È abbastanza facile il giudizio sulla tornata elettorale in Toscana. Anche se il “campo largo” qui è andato bene (come del resto ci si aspettava), non c’è nulla da cambiare rispetto al giudizio sul “campo largo” andato male (vedi qui). La considerazione nasce dalla bassissima affluenza alle urne, inferiore di oltre un paio di punti al 50%, in proporzione (se commisurato al dato della precedente consultazione) perfino al di sotto di quella della Calabria della settimana scorsa. Lo scriviamo con un particolare senso di amarezza, in quanto, se il Mezzogiorno è sempre stato piuttosto problematico rispetto al senso civico e alla partecipazione democratica, non così la Toscana, regione di una grande e storica presenza delle sinistre. Perché le persone, pur magari persuase in anticipo che il presidente della Regione uscente Eugenio Giani sarebbe stato il vincitore, non sono andate comunque alle urne per battere la destra, quindi anche per mandare un segnale al governo Meloni, con tutta la determinazione che ci vorrebbe?
È vero che il candidato Giani non suscitava entusiasmi. La segretaria Schlein aveva provato a cambiarlo, anche in nome dell’alleanza con i 5 Stelle, che non facevano parte della coalizione del 2020, e invece in questa tornata elettorale, un po’ obtorto collo, hanno finito con l’appoggiarlo in quanto presidente uscente. Ma ancora una volta, con un risultato al di sotto del 5%, Conte e i suoi hanno mostrato di non riuscire, con i “progressisti indipendenti”, a trascinarsi dietro il composito elettorato ex grillino. L’astensionismo è in gran parte l’effetto di una crisi dei 5 Stelle.

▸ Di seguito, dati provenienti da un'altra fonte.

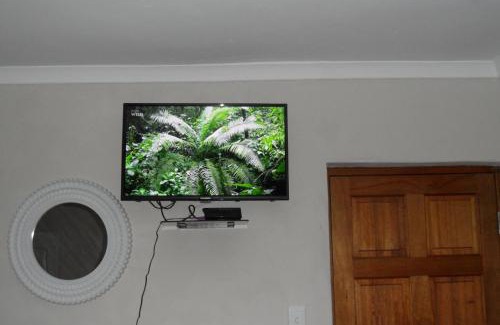 Upington House | Rosy Palm Sunrise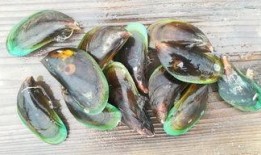 岱嵩吃瓜,揭秘娱乐圈幕后故事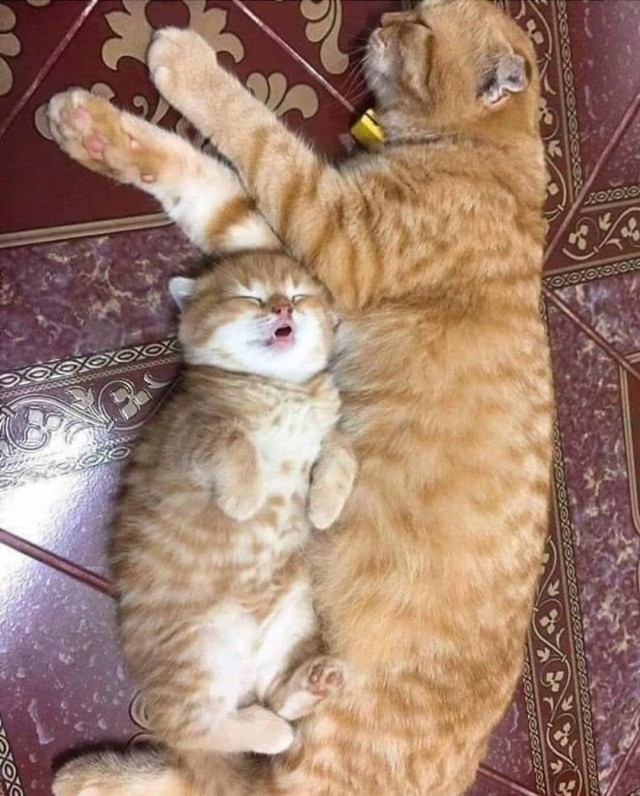 Эти забавные животные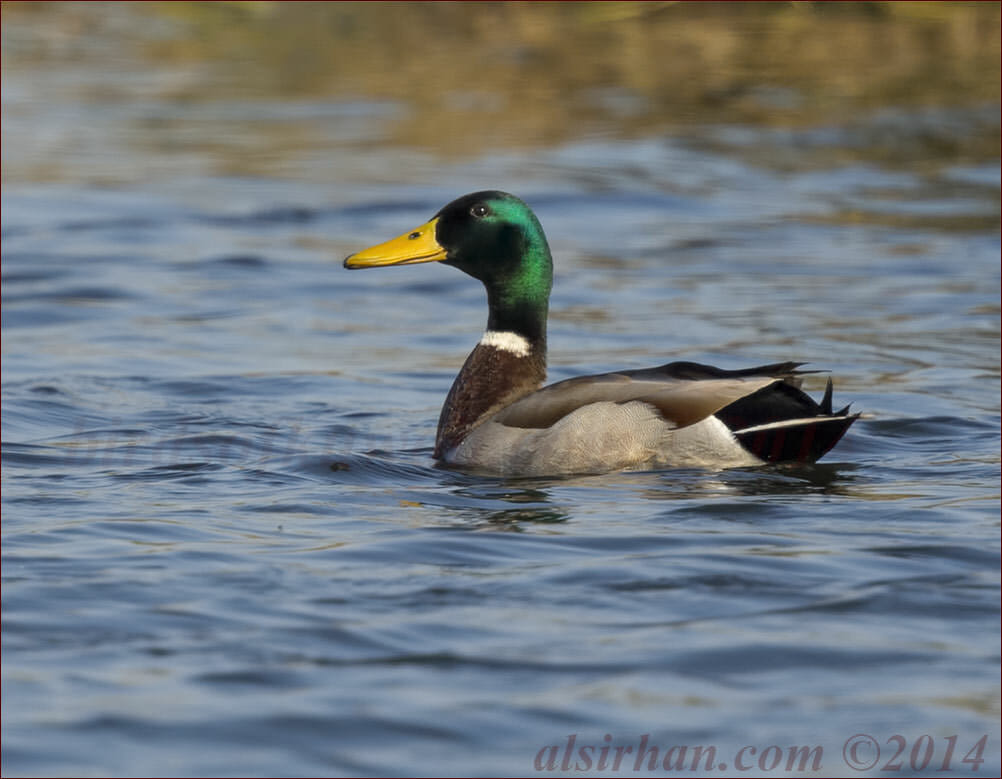 Mallard swimming in water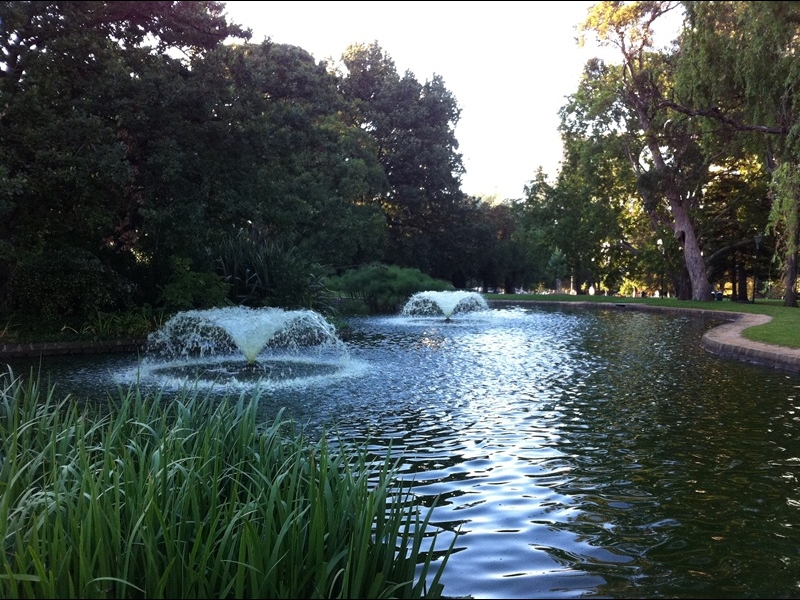 Peaceful lake with fountain at Royal Botanic Gardens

Ma evidentemente non c’è solo questo. Lo stesso Partito democratico, pur con una percentuale vicina al 35%, non ce la fa – inutile nasconderselo – a rimotivare una quantità di cittadini e cittadine che seguitano a dichiarare la propria disaffezione non recandosi alle urne.

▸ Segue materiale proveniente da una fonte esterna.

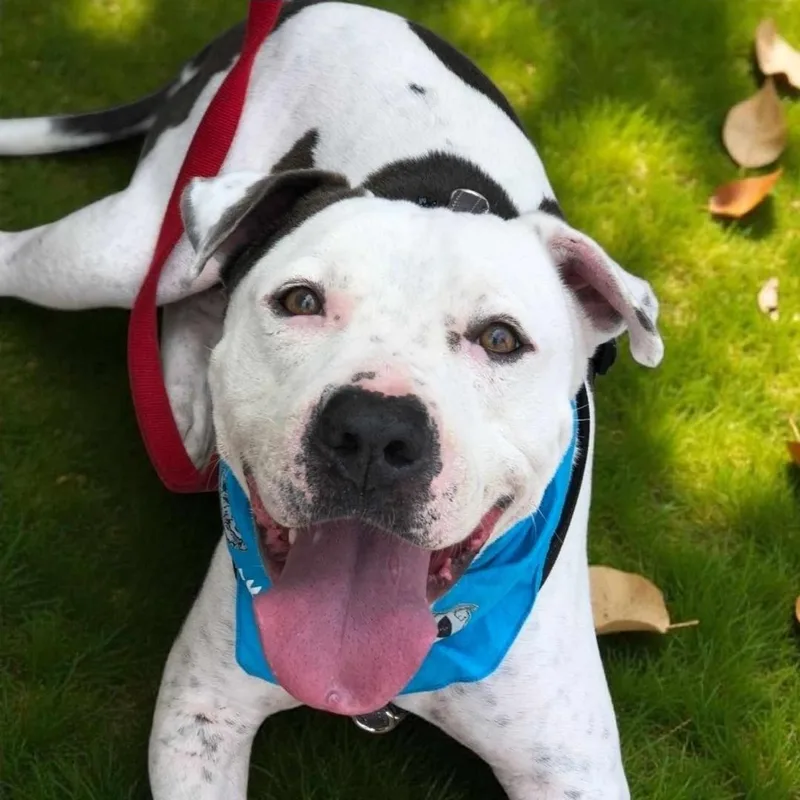A senior large-sized male Brown / Chocolate American Staffordshire Terrier dog named Marty for adoption in Houston, TX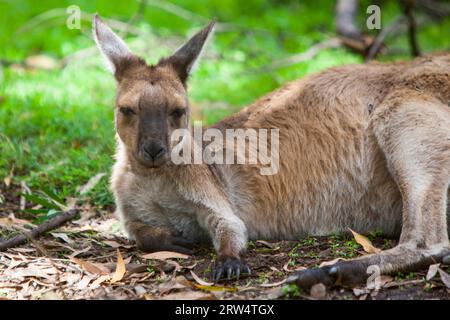 Un canguro riposa nel bel mezzo del sole di mezzogiorno a Victoria, Australia Foto Stock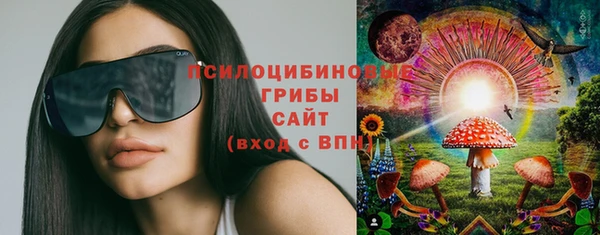 2c-b Гусиноозёрск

Vanno bene, e non può che farci piacere, le liste di sinistra sia interne alla coalizione – cioè quelle dell’Alleanza verdi-sinistra al 7% – sia esterne, ossia “Toscana rossa” di Antonella Bundu, con il 5% circa. Questi risultati mostrano che c’è ancora un “nocciolo duro”, soprattutto in alcune città toscane (per esempio Livorno), che non ci sta a buttare a mare una bella storia di presenza delle sinistre.
Il punto dolente del risultato elettorale complessivo è la relativa affermazione di “Casa riformista”, l’ultima buffonata di Matteo Renzi, che, insieme con una civica dedicata direttamente al presidente uscente Giani, supera l’8%. L’abbiamo già scritto e riscritto: Renzi può cantare vittoria a livello nazionale ogni volta che riesce nella sua linea “di disturbo” a sinistra – pur considerando, e la cosa non è trascurabile, che la Toscana è la sua terra. A noi farebbe più piacere che Renzi andasse male anzi malissimo, così da non poter pesare più di tanto sulla (futura) coalizione di centrosinistra e sul suo (futuro) programma che dovrà, a un certo punto, pur essere scritto a grandi linee. Per fare solo un esempio, però importante: se la segretaria Schlein insiste, e fa bene a farlo, sulla sanità pubblica, vorremmo poi trovare nero su bianco, in un programma comune, come si pensa di rifinanziarla in modo adeguato. A nostro parere sarebbe chiaro come farlo: aumentando le tasse sui più ricchi. Ma uno come Renzi, che dei più ricchi non è che il cavallo di Troia, come potrebbe essere messo a tacere?
In conclusione, questa tornata elettorale mostra, una volta di più, come tutti i nodi del “campo largo” siano irrisolti. E non c’è da gioire più di tanto se si pensa che in una regione civile come la Toscana, con la sua storia di “lotte per il progresso” (espressione volutamente vaga, che serve però a rendere l’idea), una percentuale di elettori inferiore al 50% abbia dato ben il 26% a un miserabile partito postfascista, finito per giunta alla guida del Paese. Non c’è stato, insomma, quel sussulto democratico che pure ci si sarebbe potuto attendere, vista la situazione in cui versa la politica italiana.